▶ [INFORMATION SHOWN]:
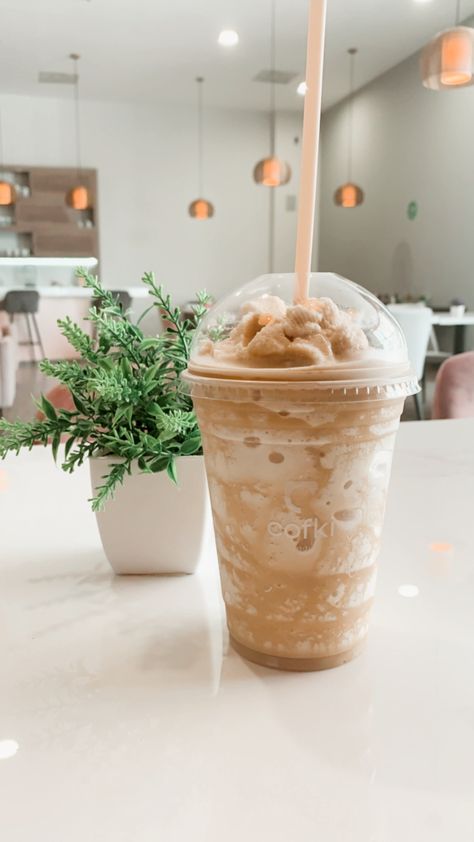 Frappe Aesthetic, Frappe Coffee, Aesthetic Place, Coffee Aesthetic, Frappe, Ice Cream, I Hope, Chips, Cafe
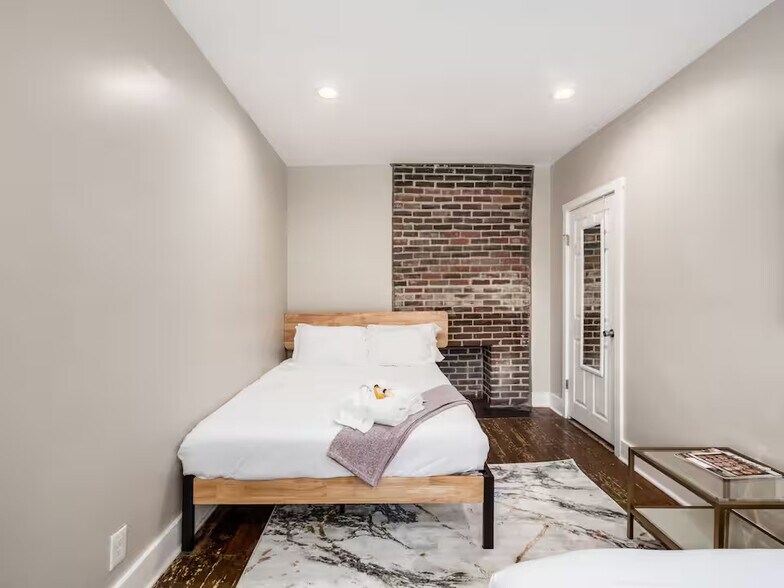 More Photos Of 370-372 Forest St, Columbus Apartments For Sale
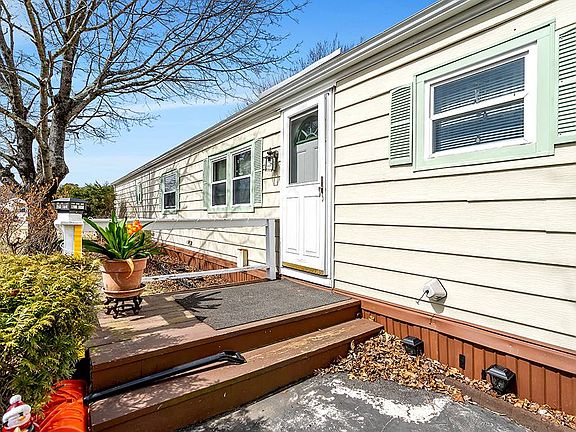 3rd image of 49 Wright Way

▶ [PROBLEM DESCRIPTION]:
Output nothing but an exact retyping of the material, pictures excluded.

▶ [YOUR SOLUTION]:
 Frappe Aesthetic, Frappe Coffee, Aesthetic Place, Coffee Aesthetic, Frappe, Ice Cream, I Hope, Chips, Cafe
 More Photos Of 370-372 Forest St, Columbus Apartments For Sale
 3rd image of 49 Wright Way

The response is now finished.